Monday, Jun. 30, 1924
Oar, Gardenia
When the author of a new novel* is heralded as "Captain of the Harvard 1924 Varsity Crew, President of his Junior Class, a member of his Freshman Football Team, President of the Phillips Brooks House, undergraduate President of the famous Hasty Pudding Club and author of last year's show, Ibis of the Harvard Lampoon," one is forced to wonder what time he found, amid all these endeavors, to write it.
The scene is laid in Boston, which Mr. Henry describes as a place with "an air genteel of respectability, which makes you understand that worldly wealth must not be discussed in public, and that on no account must you mention castor oil in the presence of ladies." It purports to be the diary of a middle-aged ex-professor in a boys' school who on the death of his uncle becomes automatically possessed of the latter's Boston house and cheerful $20,000 income, and on his own account, of an engaging ability to play around with flappers and gay young dogs, speak their language, drink their "likker," go dancing, ice-skating and swimming with them.
Nor is that all. The Professor has also a memory--the "recollection of a strange, hot night, and small lips pressed against mine"--all this on an Overland Sleeper, some years agone. This memory goes with him, all through the story, like Stevenson's shadow; but when he meets the cause of it again, it apparently does not prevent him from seeing her married off to somebody else, without the flutter of an eyelash.
The heroine is described as possessing the "composure of a cobra and the face of six or seven madonnas." This generosity in the matter of faces seems somewhat needless, for she could wreak enough havoc with one. Her actions are at times reminiscent of Cytherea. Thus: "Tony [a youth] drew Angela to him, murmuring huskily. Her eyes were rich with invitation and desire. She resisted him, not only with her white arms, but with all her will, crying softly: 'Don't, Tony! Oh don't, dear boy!' But she was a gardenia, soft and lush and pale--not a very suitable flower when it came to resistance. She thought of her age, and of her husband's: Tony was young-- fresh, strong, familiar young arms-- clean, rugged young face--hot misguided youth!--It was too much for her. Sobbing under her breath, and half opening her thin lips, she pressed him against her as fiercely as she had pushed him away."
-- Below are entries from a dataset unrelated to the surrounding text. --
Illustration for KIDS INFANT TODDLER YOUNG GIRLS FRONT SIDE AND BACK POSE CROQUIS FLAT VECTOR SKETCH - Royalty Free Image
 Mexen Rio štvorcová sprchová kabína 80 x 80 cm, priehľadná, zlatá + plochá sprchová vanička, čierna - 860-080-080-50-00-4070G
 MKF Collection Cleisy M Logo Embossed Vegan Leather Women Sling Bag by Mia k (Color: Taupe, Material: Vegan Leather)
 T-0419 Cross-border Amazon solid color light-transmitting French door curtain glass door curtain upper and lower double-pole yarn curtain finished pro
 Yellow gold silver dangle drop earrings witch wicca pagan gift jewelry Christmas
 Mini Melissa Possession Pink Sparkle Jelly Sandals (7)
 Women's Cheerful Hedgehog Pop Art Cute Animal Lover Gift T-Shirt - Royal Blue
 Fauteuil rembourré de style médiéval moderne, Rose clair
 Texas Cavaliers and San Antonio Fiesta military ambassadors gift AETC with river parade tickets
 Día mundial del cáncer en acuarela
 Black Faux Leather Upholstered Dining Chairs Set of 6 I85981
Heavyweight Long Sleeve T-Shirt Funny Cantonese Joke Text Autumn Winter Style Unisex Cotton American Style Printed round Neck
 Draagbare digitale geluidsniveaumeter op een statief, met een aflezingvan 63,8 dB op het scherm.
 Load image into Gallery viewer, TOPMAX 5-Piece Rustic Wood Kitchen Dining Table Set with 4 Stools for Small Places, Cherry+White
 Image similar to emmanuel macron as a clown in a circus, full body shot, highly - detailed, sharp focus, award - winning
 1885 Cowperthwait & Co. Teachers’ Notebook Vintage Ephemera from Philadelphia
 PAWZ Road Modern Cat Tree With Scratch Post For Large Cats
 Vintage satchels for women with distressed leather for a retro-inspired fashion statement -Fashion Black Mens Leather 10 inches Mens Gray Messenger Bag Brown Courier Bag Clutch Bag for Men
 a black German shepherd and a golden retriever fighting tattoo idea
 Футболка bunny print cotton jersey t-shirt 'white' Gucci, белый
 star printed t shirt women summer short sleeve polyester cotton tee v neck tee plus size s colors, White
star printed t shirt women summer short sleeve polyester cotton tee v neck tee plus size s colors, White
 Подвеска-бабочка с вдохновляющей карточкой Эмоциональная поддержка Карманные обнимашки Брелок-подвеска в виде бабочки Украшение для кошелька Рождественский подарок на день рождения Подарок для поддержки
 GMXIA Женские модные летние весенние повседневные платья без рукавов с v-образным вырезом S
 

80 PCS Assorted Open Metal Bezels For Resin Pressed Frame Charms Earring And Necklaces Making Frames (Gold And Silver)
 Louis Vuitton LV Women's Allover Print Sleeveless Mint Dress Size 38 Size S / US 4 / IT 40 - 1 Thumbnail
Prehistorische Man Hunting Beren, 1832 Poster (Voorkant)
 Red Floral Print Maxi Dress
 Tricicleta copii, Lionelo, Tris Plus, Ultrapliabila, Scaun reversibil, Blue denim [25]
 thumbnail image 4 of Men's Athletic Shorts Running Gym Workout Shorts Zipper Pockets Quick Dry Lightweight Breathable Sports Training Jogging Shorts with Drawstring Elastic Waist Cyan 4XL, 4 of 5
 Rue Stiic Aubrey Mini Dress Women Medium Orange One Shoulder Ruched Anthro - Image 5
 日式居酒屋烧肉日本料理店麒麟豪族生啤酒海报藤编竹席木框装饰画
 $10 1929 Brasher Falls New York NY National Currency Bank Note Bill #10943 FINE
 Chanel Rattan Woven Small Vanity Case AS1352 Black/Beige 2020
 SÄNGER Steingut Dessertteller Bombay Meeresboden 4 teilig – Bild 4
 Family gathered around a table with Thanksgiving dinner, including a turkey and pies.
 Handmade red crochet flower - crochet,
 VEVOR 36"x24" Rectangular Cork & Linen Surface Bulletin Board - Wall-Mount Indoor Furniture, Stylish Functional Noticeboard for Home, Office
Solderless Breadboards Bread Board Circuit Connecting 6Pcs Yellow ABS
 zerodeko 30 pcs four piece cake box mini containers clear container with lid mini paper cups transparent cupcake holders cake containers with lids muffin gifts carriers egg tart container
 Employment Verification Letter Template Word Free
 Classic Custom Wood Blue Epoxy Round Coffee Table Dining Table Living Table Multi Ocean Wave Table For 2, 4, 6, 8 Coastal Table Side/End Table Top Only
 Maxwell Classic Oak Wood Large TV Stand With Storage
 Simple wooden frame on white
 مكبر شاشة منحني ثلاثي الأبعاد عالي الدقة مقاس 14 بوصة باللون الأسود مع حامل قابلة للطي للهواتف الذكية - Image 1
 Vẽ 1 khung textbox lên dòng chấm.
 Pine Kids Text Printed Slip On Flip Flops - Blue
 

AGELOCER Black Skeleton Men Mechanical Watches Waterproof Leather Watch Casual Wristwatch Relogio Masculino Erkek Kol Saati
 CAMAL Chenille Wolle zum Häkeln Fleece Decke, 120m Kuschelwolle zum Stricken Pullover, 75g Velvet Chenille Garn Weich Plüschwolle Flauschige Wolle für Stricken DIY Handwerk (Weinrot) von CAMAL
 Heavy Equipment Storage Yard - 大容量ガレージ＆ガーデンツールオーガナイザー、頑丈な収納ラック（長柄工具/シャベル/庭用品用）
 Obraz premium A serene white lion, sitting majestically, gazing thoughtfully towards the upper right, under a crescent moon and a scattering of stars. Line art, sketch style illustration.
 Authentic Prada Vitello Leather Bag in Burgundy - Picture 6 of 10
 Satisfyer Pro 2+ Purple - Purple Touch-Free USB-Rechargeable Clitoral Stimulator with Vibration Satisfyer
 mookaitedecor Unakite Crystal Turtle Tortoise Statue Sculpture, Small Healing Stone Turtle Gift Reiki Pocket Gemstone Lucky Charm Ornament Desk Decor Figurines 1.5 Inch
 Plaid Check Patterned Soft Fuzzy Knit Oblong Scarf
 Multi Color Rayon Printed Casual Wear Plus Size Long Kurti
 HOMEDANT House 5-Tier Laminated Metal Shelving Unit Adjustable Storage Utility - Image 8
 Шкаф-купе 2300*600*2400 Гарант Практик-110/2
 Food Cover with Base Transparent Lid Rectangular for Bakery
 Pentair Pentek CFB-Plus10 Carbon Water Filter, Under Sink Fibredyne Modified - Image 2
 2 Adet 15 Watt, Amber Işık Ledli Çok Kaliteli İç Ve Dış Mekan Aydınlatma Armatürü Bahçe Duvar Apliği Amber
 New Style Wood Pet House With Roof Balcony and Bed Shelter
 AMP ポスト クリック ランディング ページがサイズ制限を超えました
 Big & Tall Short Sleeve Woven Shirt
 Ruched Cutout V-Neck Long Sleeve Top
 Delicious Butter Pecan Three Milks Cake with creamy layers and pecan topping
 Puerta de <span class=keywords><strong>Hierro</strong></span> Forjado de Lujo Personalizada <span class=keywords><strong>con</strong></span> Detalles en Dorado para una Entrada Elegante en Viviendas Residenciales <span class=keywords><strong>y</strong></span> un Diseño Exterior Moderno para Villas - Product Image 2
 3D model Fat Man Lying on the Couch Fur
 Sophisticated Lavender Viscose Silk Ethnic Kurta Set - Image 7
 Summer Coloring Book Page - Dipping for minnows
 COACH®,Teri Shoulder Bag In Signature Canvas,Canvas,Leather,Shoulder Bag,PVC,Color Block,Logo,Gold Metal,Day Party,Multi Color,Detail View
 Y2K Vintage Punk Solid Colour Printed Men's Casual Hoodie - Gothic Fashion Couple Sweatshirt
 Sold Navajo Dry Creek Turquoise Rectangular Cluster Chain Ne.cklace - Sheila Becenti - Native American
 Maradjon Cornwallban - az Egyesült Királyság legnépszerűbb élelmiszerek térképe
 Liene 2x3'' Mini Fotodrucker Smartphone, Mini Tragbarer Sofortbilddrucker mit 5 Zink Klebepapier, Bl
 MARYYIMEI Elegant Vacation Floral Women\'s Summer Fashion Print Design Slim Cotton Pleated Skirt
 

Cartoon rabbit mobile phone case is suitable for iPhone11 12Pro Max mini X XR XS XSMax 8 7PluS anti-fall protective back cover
Author Henry may perhaps be remotely autobiographical when he has his hero start the book by saying: "I thank God that I have always possessed an instinct to jot things down on paper." In any case, while his book is marred by certain immaturities of style and some inexcusably bromidic Latin and French quotations, he himself has managed to jot down a not-too-implausible tale, and some fairly deft characterizations. In between his other activities, he has evidently given some thought to Harvard's race question also, for echoes of that problem appear throughout the story.
*DECEIT--Barklie McKee Henry--Small, Maynard ($2.00).